MAGA: Inspired by the Holocaust: Stanley Milgram conducted the experiments at Yale to understand how ordinary people could participate in genocide.

  • “Just Following Orders”: The experiment was a direct response to the trial of Adolf Eichmann, aiming to test if Americans would behave similarly under authority.
  • High Obedience Rates: Contrary to predictions that few would comply, a majority of participants continued to the maximum, dangerous voltage.
  • The Power of Context: The study suggested that anyone could act in a “heart of darkness” if placed in the right (or wrong) situation.
  • Replication & Validity: Later studies worldwide confirmed these results, validating that the behavior was not limited to Americans or a specific time period.
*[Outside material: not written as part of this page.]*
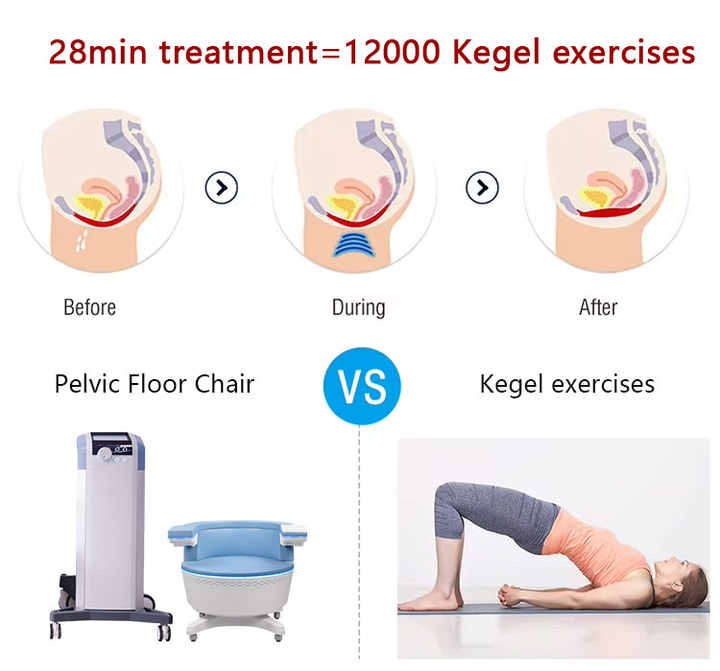 Ems Pelvic Floor Chair Muscle Stimulator Butt Lift Strengthening Postpartum Repair Pelvic Floor Chair
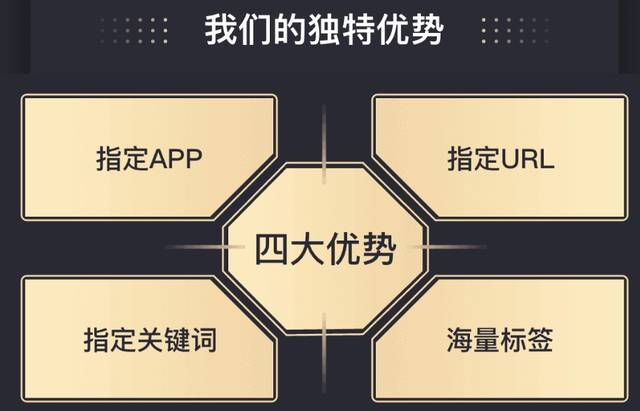 数字营销在企业中的新角色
And so we got the fucking 130 Jewish Billionaires and millions of Jewish millionaires and the Epstein and Trump and Holly-Dirt and Banker and AI and Tech Fascist classless “class.”

But, then, come on:

  • pickup trucks, MPG 15, and they are all over the roads, and not just some fucking old fucking fart but young folk
  • endless cruise trips, endless backyard Home Depot projects, endless Super Bowl et al parties
  • deer hunting with Duck Dynasty, sure
  • Christian soldiers, book banning, fighting bathroom policies, and 100 million MAGA and some millions in the closet

“Good Germans is an ironic term referring to German citizens during and after World War II who claimed not to have supported the Nazi regime, but remained silent and did not resist in a meaningful way … further used to describe those who claimed ignorance of the Holocaust and German war crimes.”
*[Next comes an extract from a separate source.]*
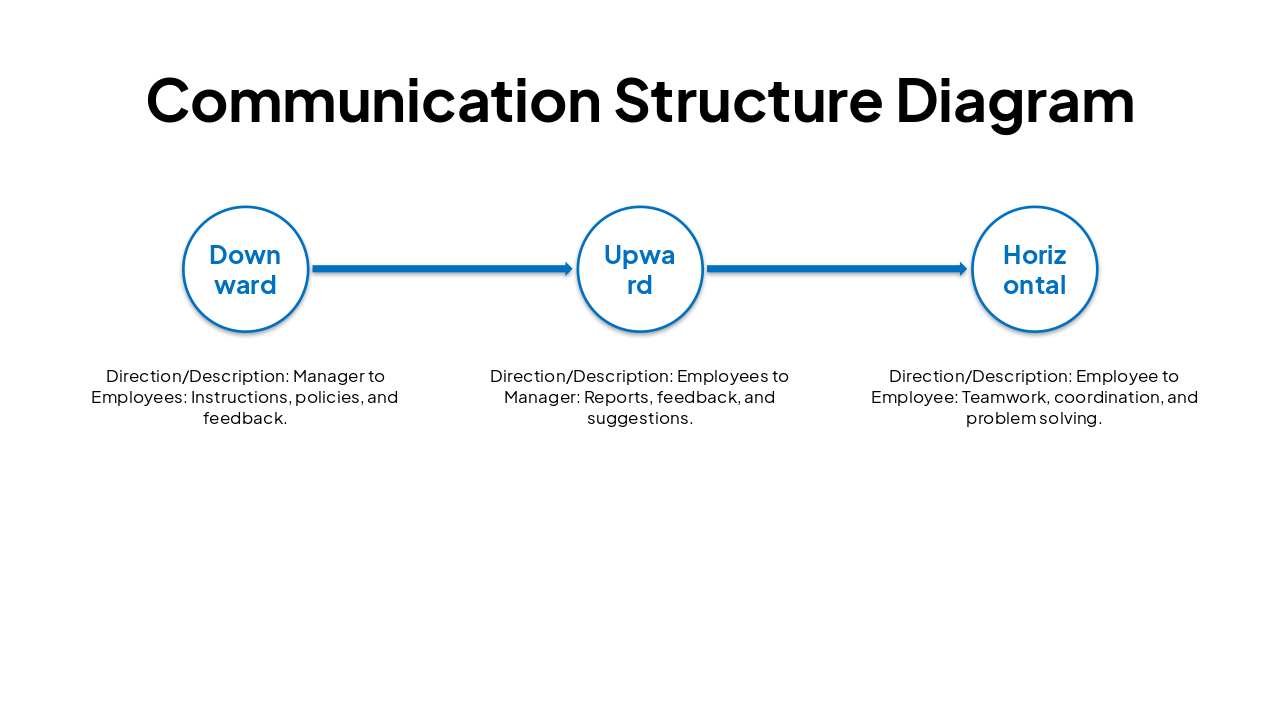 Slide 4 - Communication Structure Diagram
“Good Genocidaires is an ironic term referring to American citizens during and after the two-year killing spree in Palestine who claim to have voted for Piece/Peace of Shit President but have supported the Nazi regime, i.e., ICE, and the IOF. They have remained lobotomized and fucking consumer-oriented and did not/will not resist in a meaningful way … further used to describe those who claimed ignorance of the Genocide and the Crimes of USA.”
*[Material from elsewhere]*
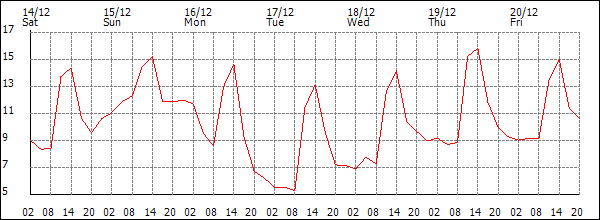 Temperature (°C)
As ye sow, so shall ye reap.
Galations, 6:7

By refusing to acknowledge that most Americans had been bitten by the same bug that afflicted Roosevelt, Lodge, and Beveridge, anti-imperialists were letting the people off the hook and in their own way preserving the American sense of innocence. Unfortunately, the man in the street shared the dreams of world-power status, martial glory, and future wealth that would follow expansion. When the dream soured, the American people neither reacted with very much indignation, nor did they seem to retreat to their cherished political principles. If anything, they seemed to take their cues from their leader in the White House by first putting out of mind all the sordid episodes in the conquest, and then forgetting the entire war itself. The Ghosts of 9-1-1: Reflections on History, Justice and Roosting Chickens

When queried by reporters concerning his views on the assassination of John F. Kennedy in November 1963, Malcolm X famously — and quite charitably, all things considered — replied that it was merely a case of “chickens coming home to roost.”

On the morning of September 11, 2001, a few more chickens — along with some half-million dead Iraqi children — came home to roost in a very big way at the twin towers of New York’s World Trade Center. Well, actually, a few of them seem to have nestled in at the Pentagon as well.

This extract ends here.